◆ TASK DIRECTIONS
In the entries below, find the line with "Megalodon Vs Great" and the line with "Barred Owl - ML622825607"; copy them and every line between them exactly, but not the pictures.
* * * *
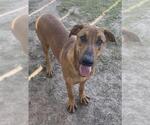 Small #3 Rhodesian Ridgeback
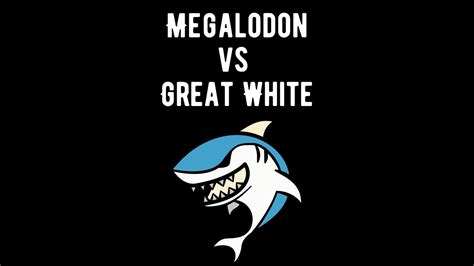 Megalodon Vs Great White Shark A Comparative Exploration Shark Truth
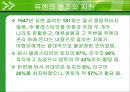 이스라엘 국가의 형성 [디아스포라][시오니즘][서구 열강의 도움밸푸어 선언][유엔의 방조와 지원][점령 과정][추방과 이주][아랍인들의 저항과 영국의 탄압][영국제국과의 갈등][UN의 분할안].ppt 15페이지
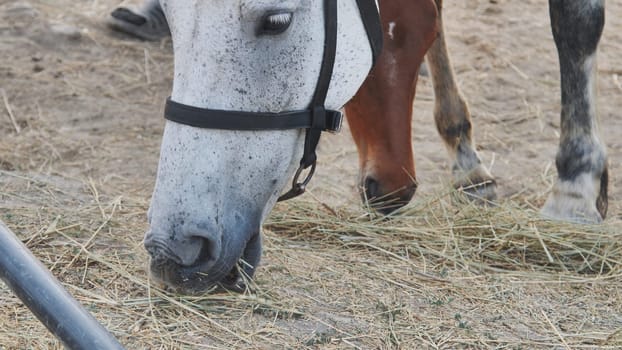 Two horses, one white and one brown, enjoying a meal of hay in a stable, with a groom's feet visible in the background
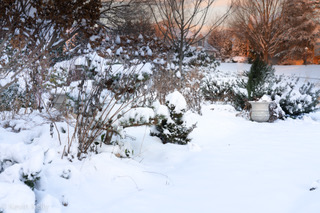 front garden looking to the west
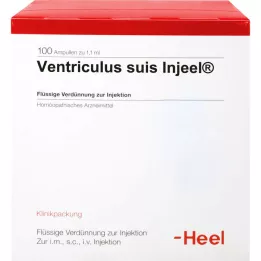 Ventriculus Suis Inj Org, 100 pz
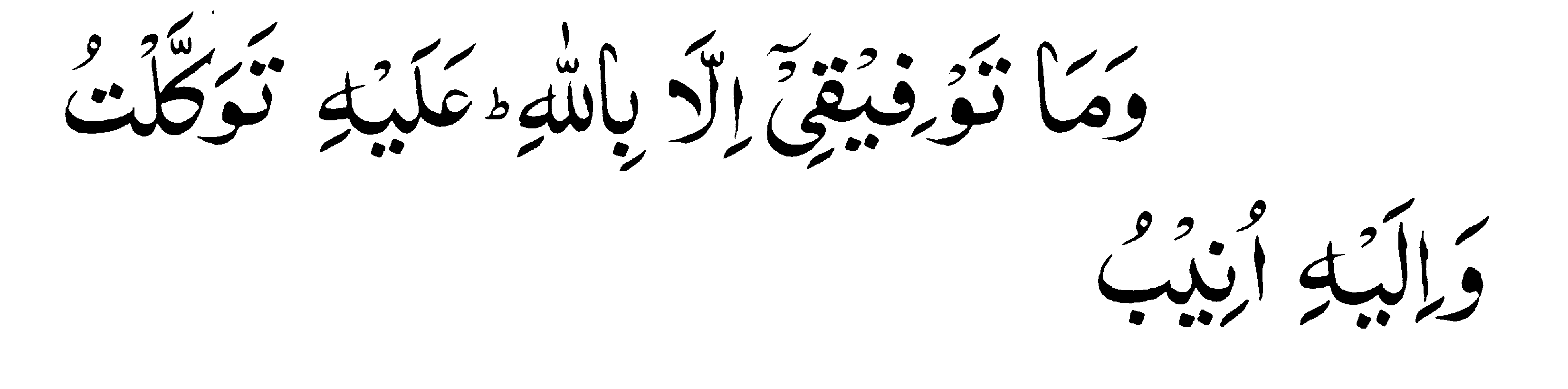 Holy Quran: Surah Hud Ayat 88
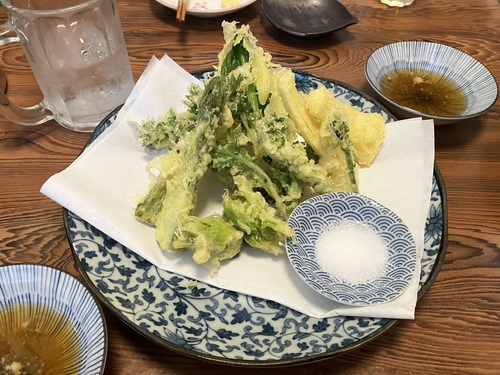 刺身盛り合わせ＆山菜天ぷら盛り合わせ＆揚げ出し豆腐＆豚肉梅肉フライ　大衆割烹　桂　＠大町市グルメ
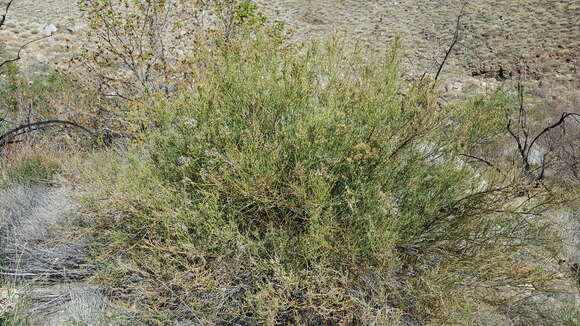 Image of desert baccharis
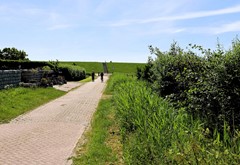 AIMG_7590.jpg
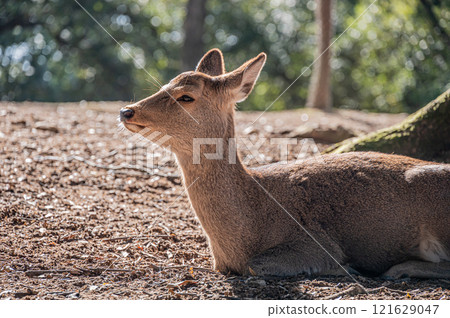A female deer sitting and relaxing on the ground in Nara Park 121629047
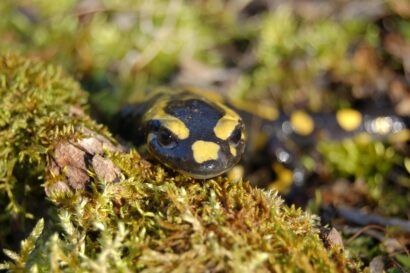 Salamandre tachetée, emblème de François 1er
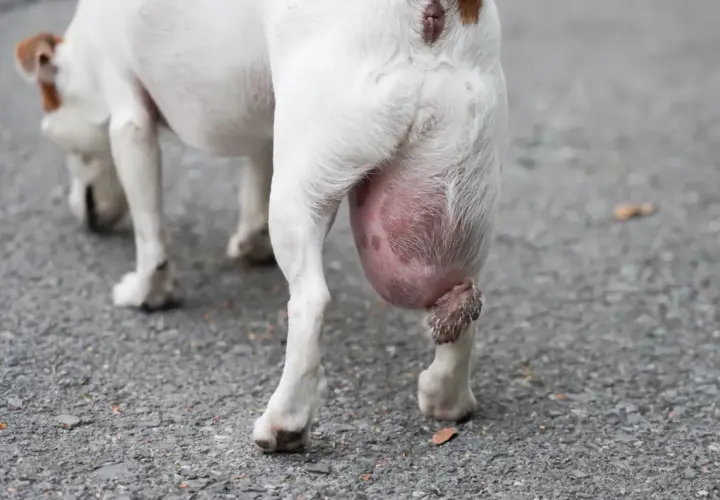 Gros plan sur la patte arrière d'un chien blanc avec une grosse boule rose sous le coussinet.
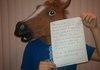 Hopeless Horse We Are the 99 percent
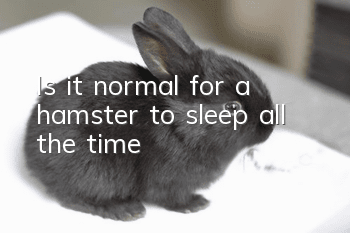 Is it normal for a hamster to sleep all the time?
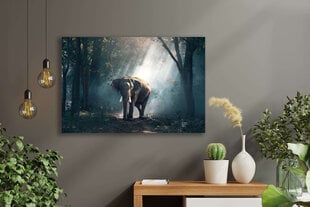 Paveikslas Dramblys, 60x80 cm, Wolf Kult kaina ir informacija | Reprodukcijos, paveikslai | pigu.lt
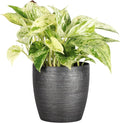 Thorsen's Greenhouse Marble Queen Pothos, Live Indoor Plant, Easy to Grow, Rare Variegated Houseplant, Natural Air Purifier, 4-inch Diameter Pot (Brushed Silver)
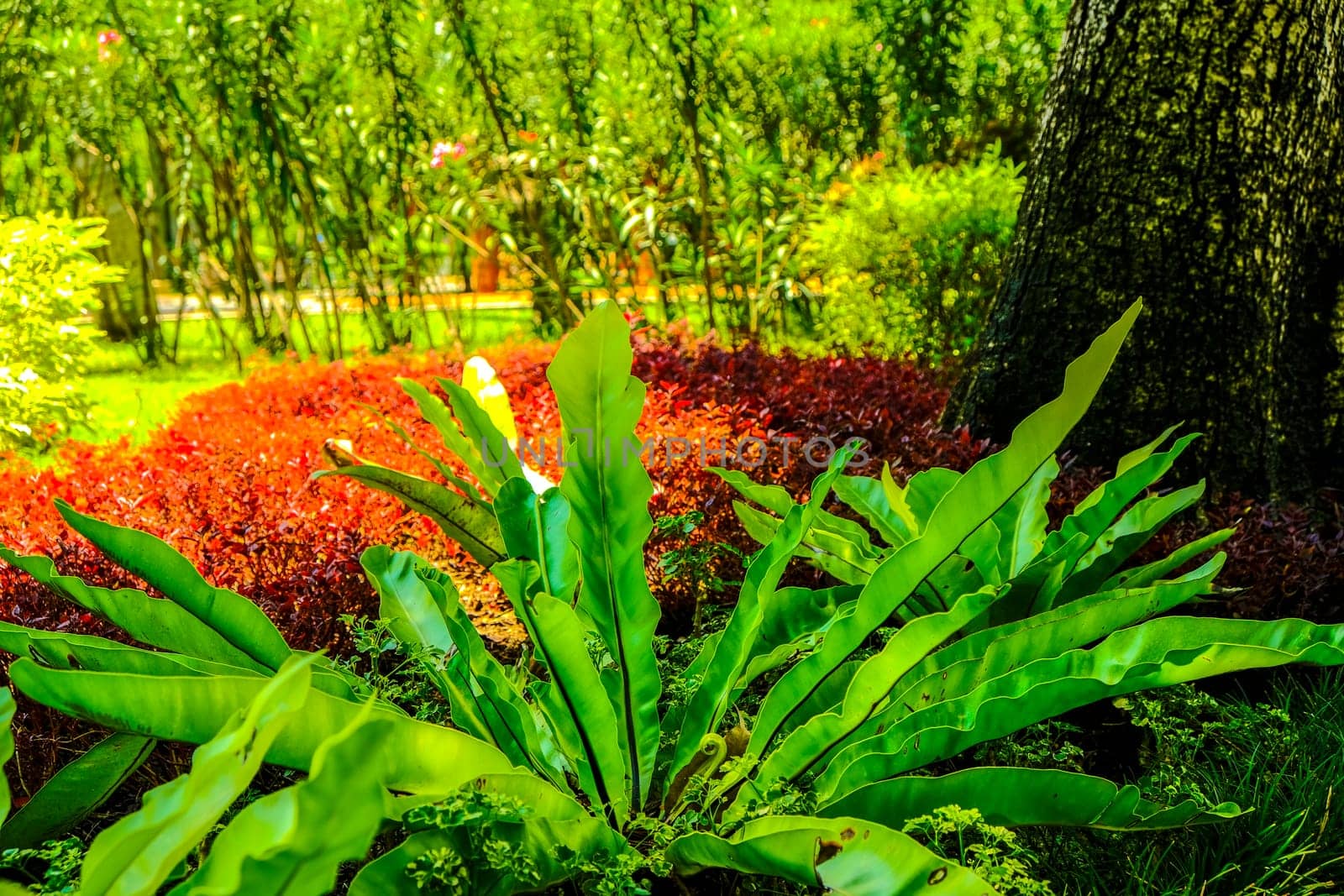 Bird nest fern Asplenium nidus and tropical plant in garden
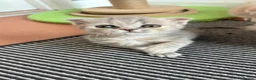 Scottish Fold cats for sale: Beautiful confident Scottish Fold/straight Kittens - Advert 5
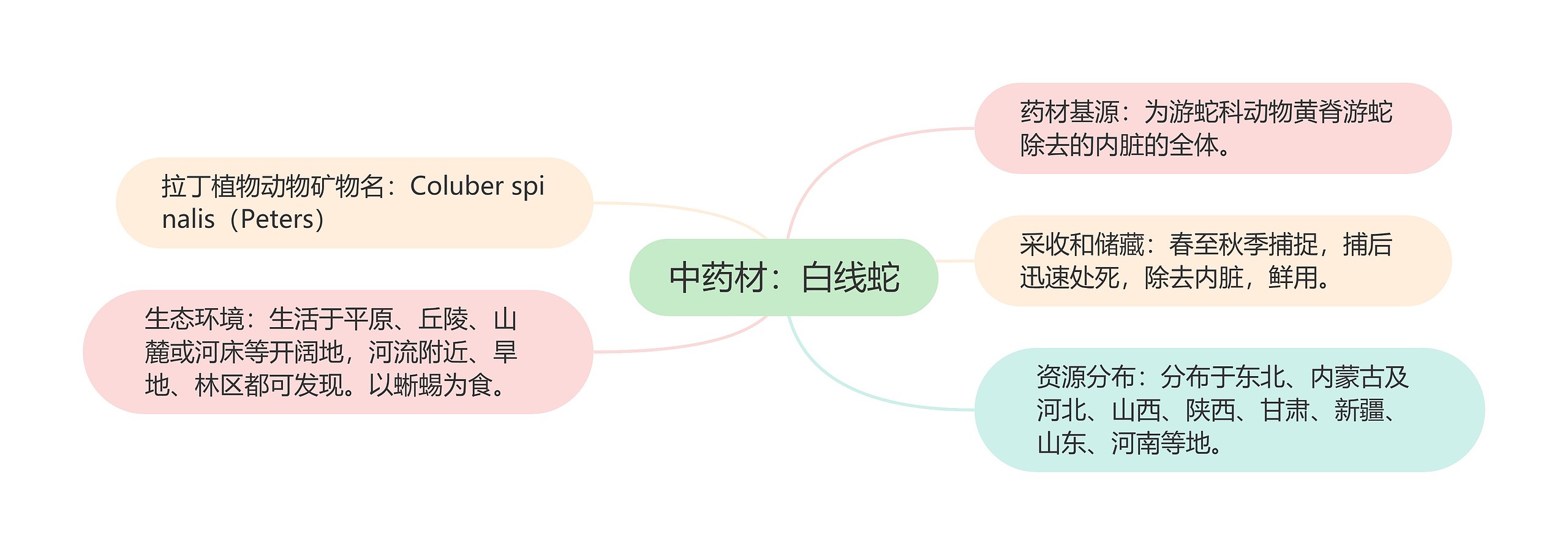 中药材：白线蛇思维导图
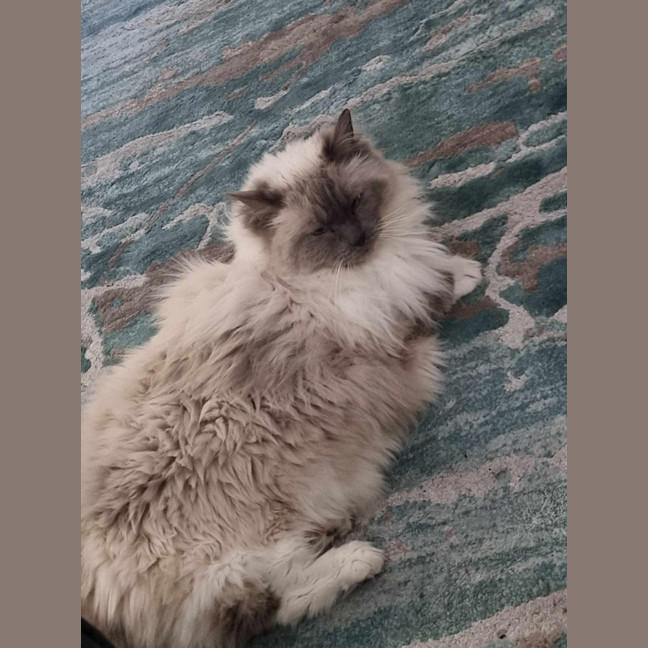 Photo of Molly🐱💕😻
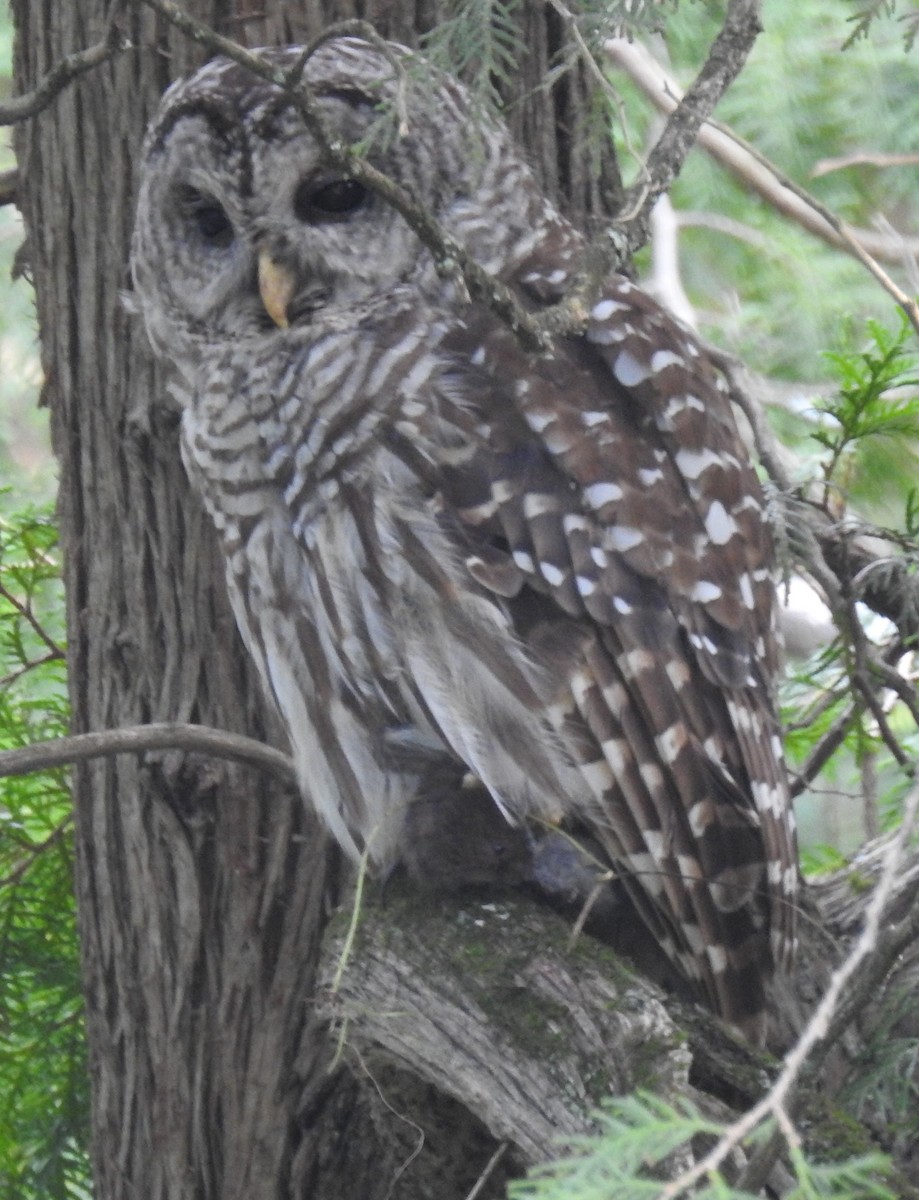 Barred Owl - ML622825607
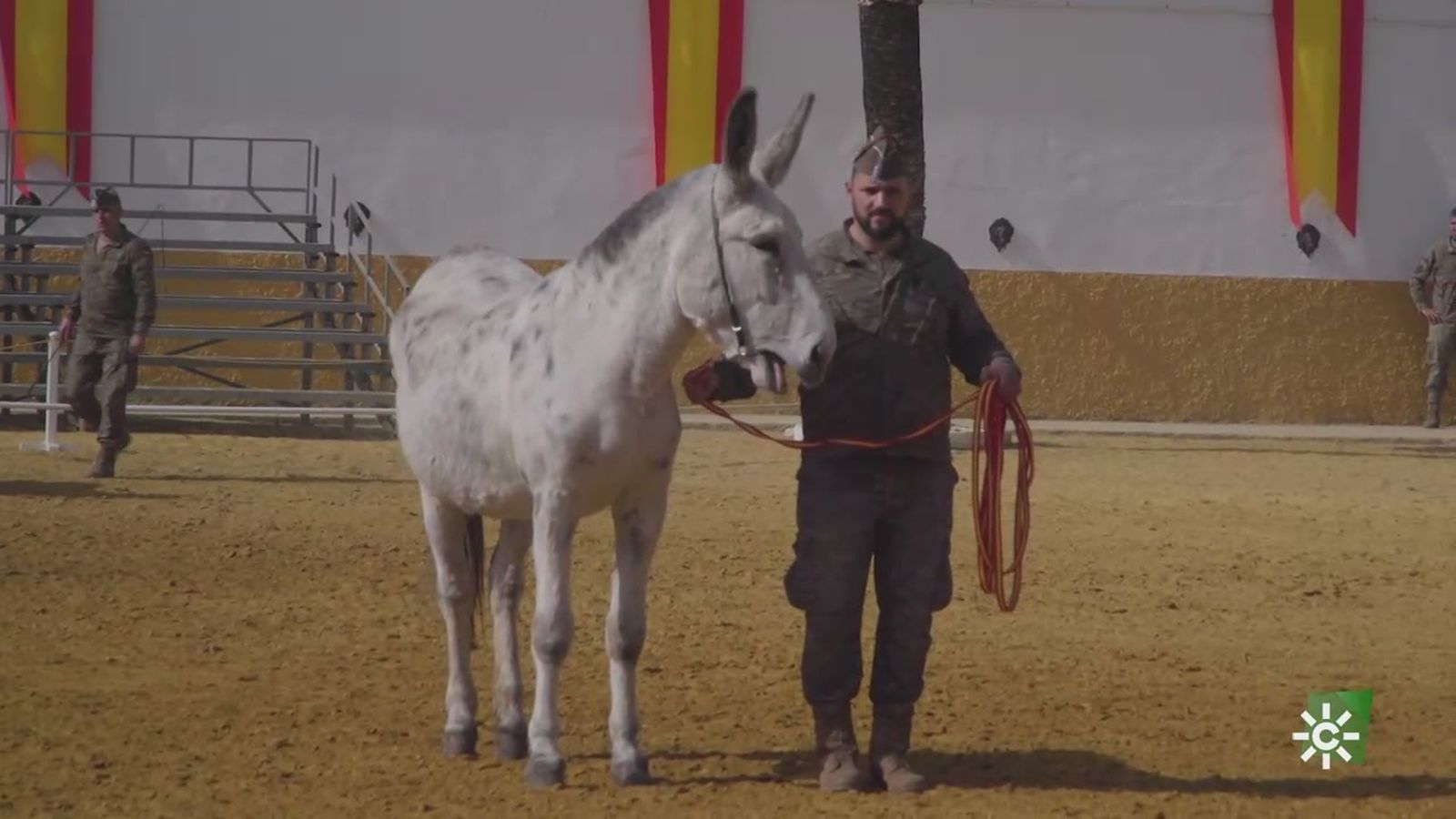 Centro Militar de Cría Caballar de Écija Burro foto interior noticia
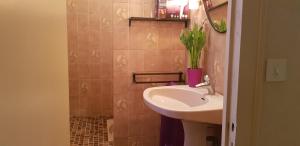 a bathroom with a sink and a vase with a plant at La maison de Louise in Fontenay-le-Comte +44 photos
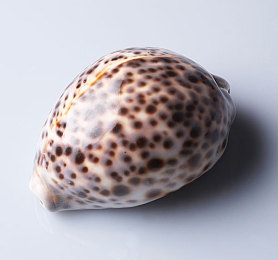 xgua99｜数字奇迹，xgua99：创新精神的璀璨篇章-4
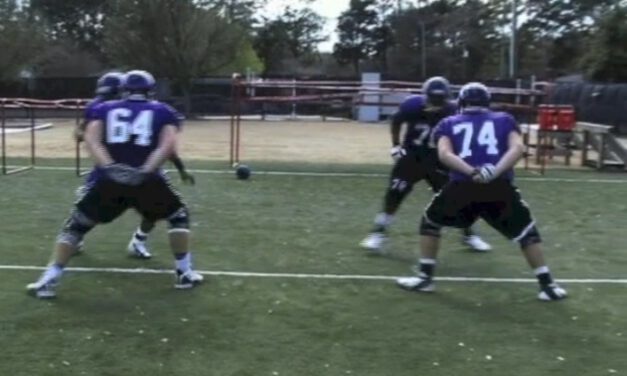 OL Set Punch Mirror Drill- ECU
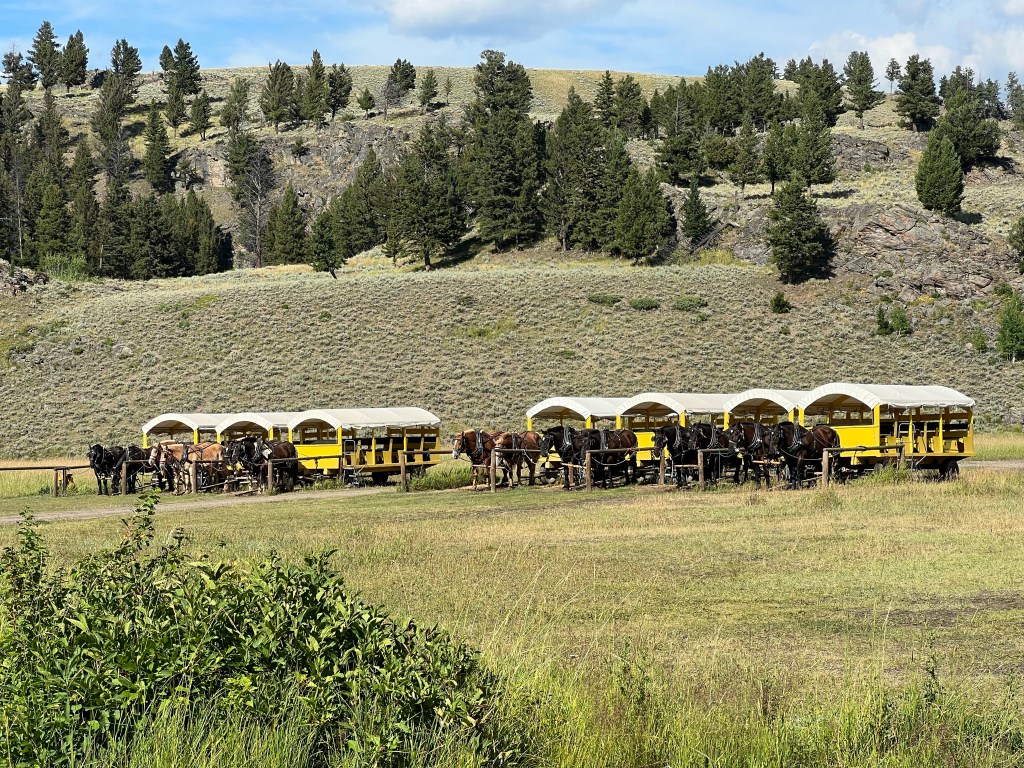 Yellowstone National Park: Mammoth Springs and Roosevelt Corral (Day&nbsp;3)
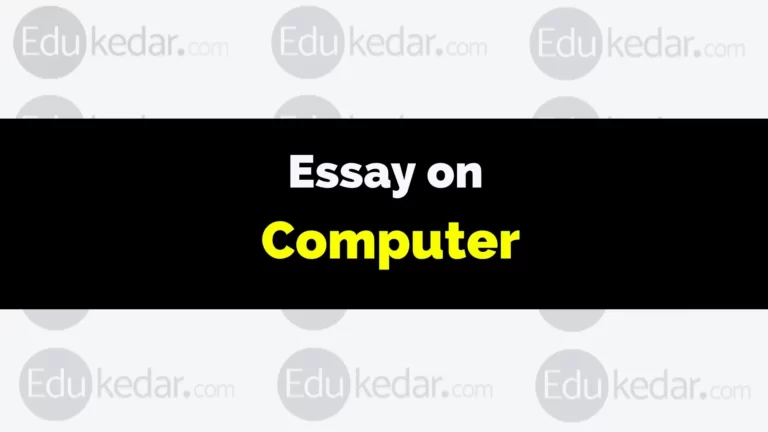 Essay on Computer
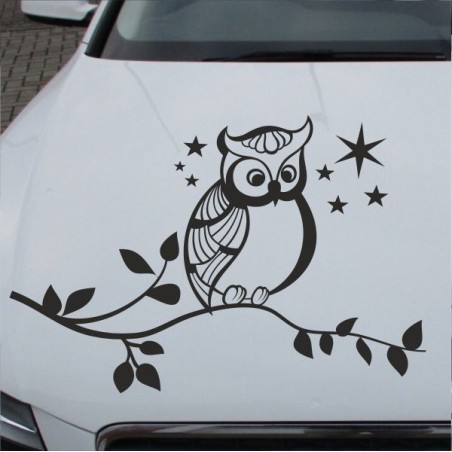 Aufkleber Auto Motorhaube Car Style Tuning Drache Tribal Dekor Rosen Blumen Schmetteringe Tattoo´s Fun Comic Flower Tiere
* * * *
◆ SOLVED PROBLEM
 Megalodon Vs Great White Shark A Comparative Exploration Shark Truth
 이스라엘 국가의 형성 [디아스포라][시오니즘][서구 열강의 도움밸푸어 선언][유엔의 방조와 지원][점령 과정][추방과 이주][아랍인들의 저항과 영국의 탄압][영국제국과의 갈등][UN의 분할안].ppt 15페이지
 Two horses, one white and one brown, enjoying a meal of hay in a stable, with a groom's feet visible in the background
 front garden looking to the west
 Ventriculus Suis Inj Org, 100 pz
 Holy Quran: Surah Hud Ayat 88
 刺身盛り合わせ＆山菜天ぷら盛り合わせ＆揚げ出し豆腐＆豚肉梅肉フライ　大衆割烹　桂　＠大町市グルメ
 Image of desert baccharis
 AIMG_7590.jpg
A female deer sitting and relaxing on the ground in Nara Park 121629047
 Salamandre tachetée, emblème de François 1er
 Gros plan sur la patte arrière d'un chien blanc avec une grosse boule rose sous le coussinet.
 Hopeless Horse We Are the 99 percent
 Is it normal for a hamster to sleep all the time?
 Paveikslas Dramblys, 60x80 cm, Wolf Kult kaina ir informacija | Reprodukcijos, paveikslai | pigu.lt
 Thorsen's Greenhouse Marble Queen Pothos, Live Indoor Plant, Easy to Grow, Rare Variegated Houseplant, Natural Air Purifier, 4-inch Diameter Pot (Brushed Silver)
 Bird nest fern Asplenium nidus and tropical plant in garden
 Scottish Fold cats for sale: Beautiful confident Scottish Fold/straight Kittens - Advert 5
 中药材：白线蛇思维导图
 Photo of Molly🐱💕😻
 Barred Owl - ML622825607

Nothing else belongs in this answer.